The task: Would you please retype, exactly, the lines of the listing below between the line with "新高考数学一轮复习课件第1章" and the line with "Кисть-макловица ТУНДРА, смешанная", inclusive?
#### Dataset records
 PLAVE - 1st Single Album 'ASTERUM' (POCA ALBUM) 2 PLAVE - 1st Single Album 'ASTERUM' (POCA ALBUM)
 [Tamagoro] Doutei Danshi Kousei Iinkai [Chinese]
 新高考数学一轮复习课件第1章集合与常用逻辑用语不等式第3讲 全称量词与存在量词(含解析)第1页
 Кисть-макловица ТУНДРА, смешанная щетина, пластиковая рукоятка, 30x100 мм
########
#### Dataset records
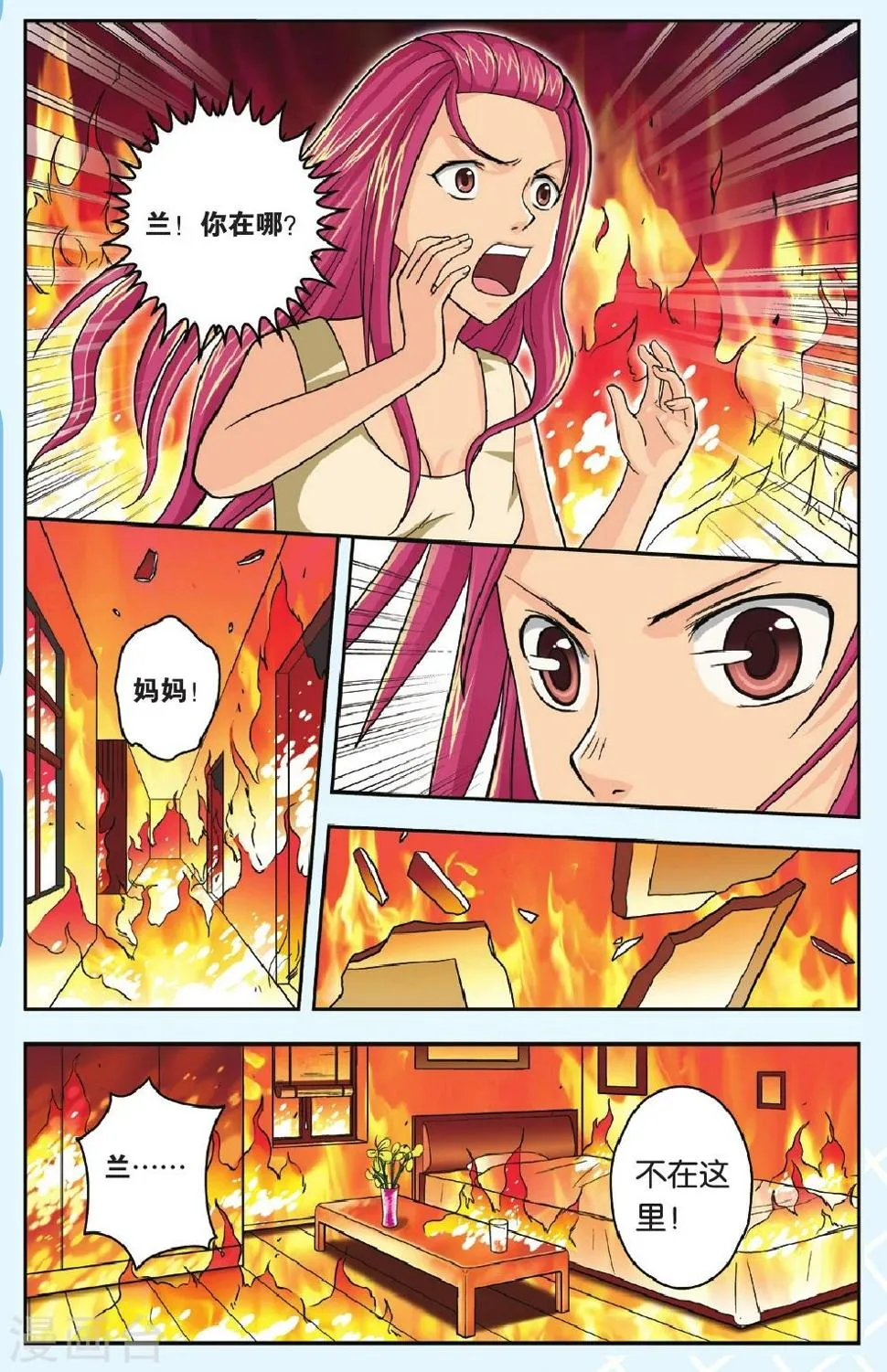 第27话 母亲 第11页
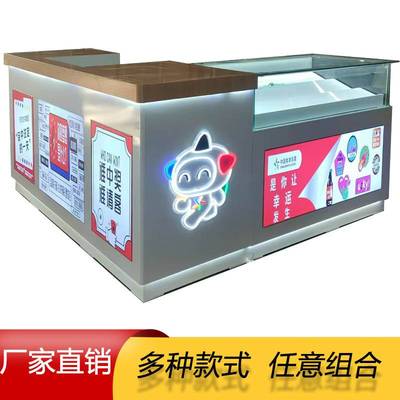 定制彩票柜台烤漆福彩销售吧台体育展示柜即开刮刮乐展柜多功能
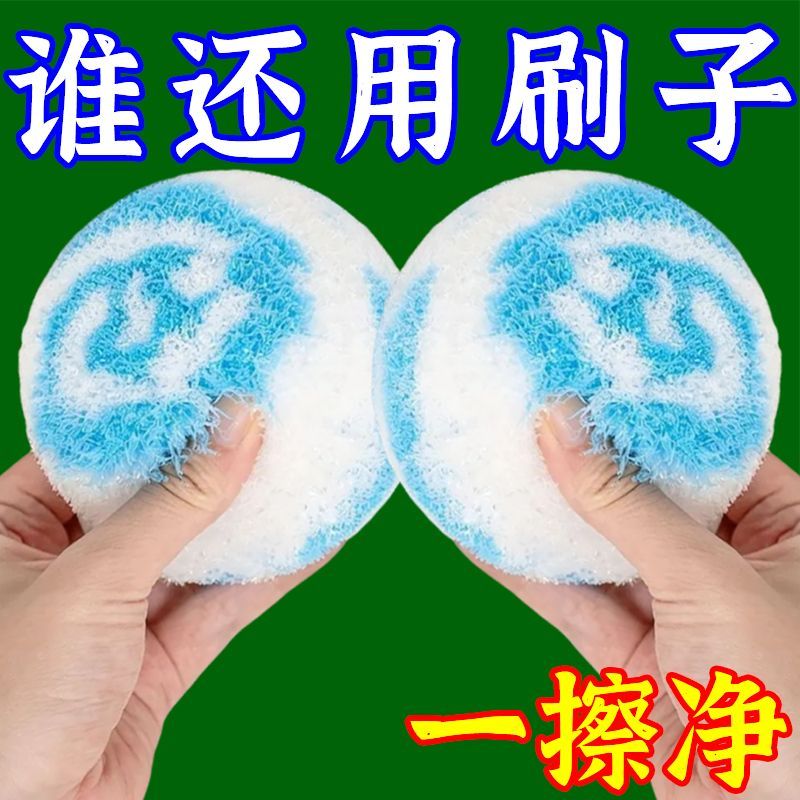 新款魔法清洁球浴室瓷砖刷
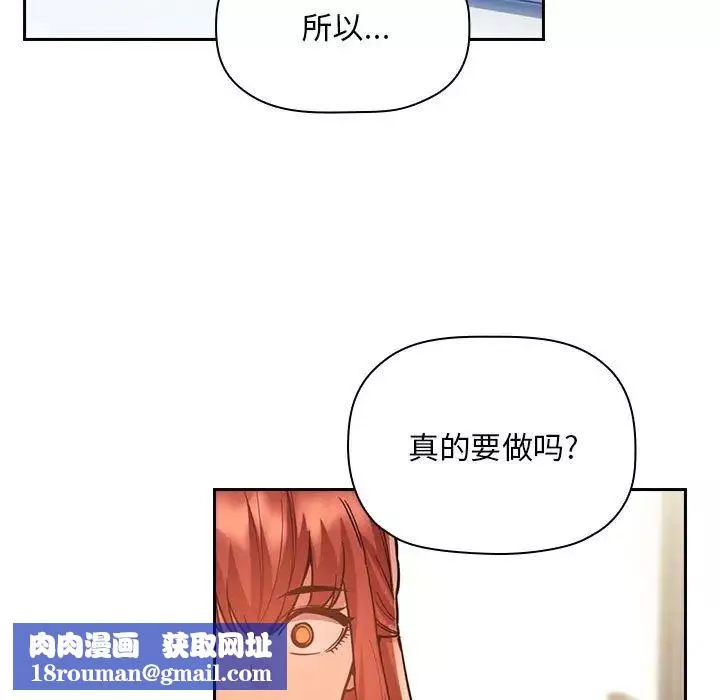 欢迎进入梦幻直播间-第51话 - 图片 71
########
Solution:
 新高考数学一轮复习课件第1章集合与常用逻辑用语不等式第3讲 全称量词与存在量词(含解析)第1页
 Кисть-макловица ТУНДРА, смешанная щетина, пластиковая рукоятка, 30x100 мм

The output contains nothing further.